Signed-off-by: Prike Liang <Prike.Liang@xxxxxxx>
---
   drivers/gpu/drm/amd/amdgpu/amdgpu.h        |  1 +
   drivers/gpu/drm/amd/amdgpu/amdgpu_device.c |  4 ++++
   drivers/gpu/drm/amd/amdgpu/amdgpu_drv.c    | 19
+++++++++++++++++++
   3 files changed, 24 insertions(+)

diff --git a/drivers/gpu/drm/amd/amdgpu/amdgpu.h
b/drivers/gpu/drm/amd/amdgpu/amdgpu.h
index b85b67a..8bd9833 100644
--- a/drivers/gpu/drm/amd/amdgpu/amdgpu.h
+++ b/drivers/gpu/drm/amd/amdgpu/amdgpu.h
@@ -1053,6 +1053,7 @@ struct amdgpu_device {
     bool                            in_s3;
     bool                            in_s4;
     bool                            in_s0ix;
+   bool                            pm_completed;

PM framework maintains separate flags, why not use the same?

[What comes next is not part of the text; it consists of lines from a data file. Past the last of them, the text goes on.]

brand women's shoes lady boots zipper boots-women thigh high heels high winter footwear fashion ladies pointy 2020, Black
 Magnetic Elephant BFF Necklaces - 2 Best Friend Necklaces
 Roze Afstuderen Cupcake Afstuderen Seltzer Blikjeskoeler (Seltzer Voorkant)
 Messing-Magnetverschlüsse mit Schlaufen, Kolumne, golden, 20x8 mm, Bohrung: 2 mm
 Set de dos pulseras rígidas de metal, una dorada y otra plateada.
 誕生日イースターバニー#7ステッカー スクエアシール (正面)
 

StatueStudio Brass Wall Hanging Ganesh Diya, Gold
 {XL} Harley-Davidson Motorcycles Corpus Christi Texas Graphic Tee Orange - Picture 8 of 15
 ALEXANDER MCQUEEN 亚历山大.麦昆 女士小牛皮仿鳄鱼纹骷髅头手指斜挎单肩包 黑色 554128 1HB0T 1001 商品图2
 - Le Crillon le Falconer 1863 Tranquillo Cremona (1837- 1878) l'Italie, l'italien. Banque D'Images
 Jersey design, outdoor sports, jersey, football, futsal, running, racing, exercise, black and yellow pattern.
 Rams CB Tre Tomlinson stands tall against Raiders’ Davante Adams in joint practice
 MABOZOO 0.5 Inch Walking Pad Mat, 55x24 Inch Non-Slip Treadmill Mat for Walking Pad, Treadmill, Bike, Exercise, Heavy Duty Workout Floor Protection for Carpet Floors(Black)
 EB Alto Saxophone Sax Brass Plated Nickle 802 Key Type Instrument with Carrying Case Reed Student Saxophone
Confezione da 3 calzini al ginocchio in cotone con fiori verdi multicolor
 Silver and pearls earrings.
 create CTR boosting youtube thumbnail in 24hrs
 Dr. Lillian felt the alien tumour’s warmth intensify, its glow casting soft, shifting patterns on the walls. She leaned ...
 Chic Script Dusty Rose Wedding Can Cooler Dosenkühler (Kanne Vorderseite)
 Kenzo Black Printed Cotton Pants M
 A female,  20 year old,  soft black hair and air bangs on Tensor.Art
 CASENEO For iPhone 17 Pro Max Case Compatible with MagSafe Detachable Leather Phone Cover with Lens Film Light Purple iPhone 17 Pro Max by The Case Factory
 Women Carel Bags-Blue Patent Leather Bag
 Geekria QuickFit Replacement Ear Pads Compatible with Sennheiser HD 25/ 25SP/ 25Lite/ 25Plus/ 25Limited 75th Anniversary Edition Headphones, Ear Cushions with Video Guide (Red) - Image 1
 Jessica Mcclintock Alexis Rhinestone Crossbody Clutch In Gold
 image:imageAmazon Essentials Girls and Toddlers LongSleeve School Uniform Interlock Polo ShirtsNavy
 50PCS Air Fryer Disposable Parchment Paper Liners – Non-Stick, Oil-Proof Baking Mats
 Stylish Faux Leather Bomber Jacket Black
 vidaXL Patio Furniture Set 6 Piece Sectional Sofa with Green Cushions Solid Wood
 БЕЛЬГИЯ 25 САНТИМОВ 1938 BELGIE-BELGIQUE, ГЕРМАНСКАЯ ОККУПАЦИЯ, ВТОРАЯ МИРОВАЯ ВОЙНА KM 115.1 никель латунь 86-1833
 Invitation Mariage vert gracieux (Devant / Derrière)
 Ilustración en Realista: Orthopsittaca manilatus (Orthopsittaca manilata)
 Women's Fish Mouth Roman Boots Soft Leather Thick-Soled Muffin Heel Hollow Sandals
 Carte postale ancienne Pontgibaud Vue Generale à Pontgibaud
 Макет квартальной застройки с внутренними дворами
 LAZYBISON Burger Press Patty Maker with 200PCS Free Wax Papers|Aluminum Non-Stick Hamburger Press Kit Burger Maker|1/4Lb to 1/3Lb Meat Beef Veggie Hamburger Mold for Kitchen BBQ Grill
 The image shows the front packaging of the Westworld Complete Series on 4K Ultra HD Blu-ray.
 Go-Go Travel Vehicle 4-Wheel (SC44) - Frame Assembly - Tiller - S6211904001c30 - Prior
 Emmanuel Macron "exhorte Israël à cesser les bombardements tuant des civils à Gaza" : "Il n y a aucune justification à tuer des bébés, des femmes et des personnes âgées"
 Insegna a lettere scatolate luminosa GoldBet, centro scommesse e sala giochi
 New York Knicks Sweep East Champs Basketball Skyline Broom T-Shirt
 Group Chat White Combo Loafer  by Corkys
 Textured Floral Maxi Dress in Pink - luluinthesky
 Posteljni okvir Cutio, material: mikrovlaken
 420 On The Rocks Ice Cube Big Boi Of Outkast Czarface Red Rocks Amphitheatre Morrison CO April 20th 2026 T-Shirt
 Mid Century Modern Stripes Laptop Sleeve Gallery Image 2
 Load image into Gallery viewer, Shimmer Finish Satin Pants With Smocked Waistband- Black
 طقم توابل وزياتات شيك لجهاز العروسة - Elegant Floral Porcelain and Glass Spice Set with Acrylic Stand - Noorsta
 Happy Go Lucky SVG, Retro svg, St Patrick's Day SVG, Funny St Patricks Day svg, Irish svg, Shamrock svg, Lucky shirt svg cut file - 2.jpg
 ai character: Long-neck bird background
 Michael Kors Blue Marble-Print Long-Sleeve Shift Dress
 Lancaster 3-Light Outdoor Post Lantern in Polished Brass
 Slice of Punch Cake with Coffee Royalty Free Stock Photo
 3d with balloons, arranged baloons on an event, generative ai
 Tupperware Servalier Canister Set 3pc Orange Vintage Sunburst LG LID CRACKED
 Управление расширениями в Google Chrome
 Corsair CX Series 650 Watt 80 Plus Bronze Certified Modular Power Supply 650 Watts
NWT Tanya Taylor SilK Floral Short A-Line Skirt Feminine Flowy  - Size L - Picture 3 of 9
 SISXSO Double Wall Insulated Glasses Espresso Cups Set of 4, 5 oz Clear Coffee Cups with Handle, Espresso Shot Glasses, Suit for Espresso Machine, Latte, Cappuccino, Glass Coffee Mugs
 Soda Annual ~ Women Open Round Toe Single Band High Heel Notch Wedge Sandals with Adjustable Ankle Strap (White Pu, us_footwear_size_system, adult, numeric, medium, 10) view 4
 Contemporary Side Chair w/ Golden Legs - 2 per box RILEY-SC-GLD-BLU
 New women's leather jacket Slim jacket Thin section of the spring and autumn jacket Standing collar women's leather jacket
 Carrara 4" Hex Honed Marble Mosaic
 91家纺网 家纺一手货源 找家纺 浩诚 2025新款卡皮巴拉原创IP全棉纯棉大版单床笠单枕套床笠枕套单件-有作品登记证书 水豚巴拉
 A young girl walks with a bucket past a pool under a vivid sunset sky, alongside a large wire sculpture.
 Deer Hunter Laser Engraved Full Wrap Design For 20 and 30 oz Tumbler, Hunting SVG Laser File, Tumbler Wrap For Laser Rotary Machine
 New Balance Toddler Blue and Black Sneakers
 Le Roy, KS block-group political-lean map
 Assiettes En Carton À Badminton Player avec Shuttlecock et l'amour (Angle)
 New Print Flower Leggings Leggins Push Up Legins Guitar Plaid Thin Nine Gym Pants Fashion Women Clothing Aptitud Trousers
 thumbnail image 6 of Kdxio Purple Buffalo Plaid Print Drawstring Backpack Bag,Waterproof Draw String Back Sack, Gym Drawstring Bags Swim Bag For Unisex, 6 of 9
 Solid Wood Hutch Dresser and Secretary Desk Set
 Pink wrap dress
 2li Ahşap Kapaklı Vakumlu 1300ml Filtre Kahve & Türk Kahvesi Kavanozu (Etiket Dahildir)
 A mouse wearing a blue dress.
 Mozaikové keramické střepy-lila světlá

          dev->power.is_suspended = false;
          dev->power.is_noirq_suspended = false;
          dev->power.is_late_suspended = false;


Thanks for pointing it out and I miss that flag. In this case we can use the PM flag is_noirq_suspended for checking AMDGPU device whether is finished suspend.

BTW, Alex posted a patch which does similar thing, though it tries reset if
suspend fails.

https://nam11.safelinks.protection.outlook.com/?url=https%3A%2F%2Flore.kernel.org%2Fall%2FDM6PR12MB26195F8E099407B4B6966FEBE4999%40&amp;data=04%7C01%7Clijo.lazar%40amd.com%7C79c861fcfccc4f2cc45d08d9aa9d61f0%7C3dd8961fe4884e608e11a82d994e183d%7C0%7C0%7C637728415203834017%7CUnknown%7CTWFpbGZsb3d8eyJWIjoiMC4wLjAwMDAiLCJQIjoiV2luMzIiLCJBTiI6Ik1haWwiLCJXVCI6Mn0%3D%7C3000&amp;sdata=gGnctl8rlNTj6o02hlE06og3RCA%2BQP37B3ejsZSxPdM%3D&amp;reserved=0
DM6PR12MB2619.namprd12.prod.outlook.com/

If that reset also failed, then no point in another reset, or keep it as part of
resume.


Alex's patch seems always do the ASIC reset at the end of AMDGPU device, but that may needn't on the normal AMDGPU device suspend. However, this patch shows that can handle the system suspend aborted after AMDGPU suspend case well, so now seems we only need take care suspend abort case here.


Yeah, I was thinking we'd take this patch rather than mine to minimize
the number of resets.


Wondering if suspend fails whether there is a need to call resume. It may not get to resume() to do a reset, that needs to be checked.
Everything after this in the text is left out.